Just an observation - where I live, the distinction in speech between a mobile phone and the ordinary type is dying out. Hardly anyone says "cell phone" or "mobile phone", and if they say "smartphone" they're not referring to the device in its making-phone-calls capacity. So just "phone" shouldn't NECESSARILY be accepted here, as this could be just a dialect thing, but that's what I'd naturally use in speech to express the concept.
Because of the lenition afterwards. a fon póca would be 'her'
a fhón -> His phone (lenition)
a fón -> Her phone (nothing with consonant)
a bhfón -> Their phone (eclipse)
In the browser, there’s a speaker icon for this exercise (which I presume means that there’s a recording available for it) — does it actually have a recording of a different phrase?

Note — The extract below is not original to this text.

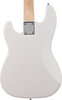 Arrow Session Bass 4 Snow White Rosewood/Black – gitara basowa 4-strunowa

You have question marks, but it's not obvious what your question is. Are you asking why that answer was accepted or asking why it wasn't accepted?
"his mobile phone is at me" is a very literal translation of "tá a fhón póca agam". In fact, it's an overly literal translation - when someone says "Tá X agam" in Irish, they almost always mean mean "I have X", and Duolingo would be doing you an injustice to suggest that "his mobile phone is at me" is an acceptable translation of "tá a fhón póca agam".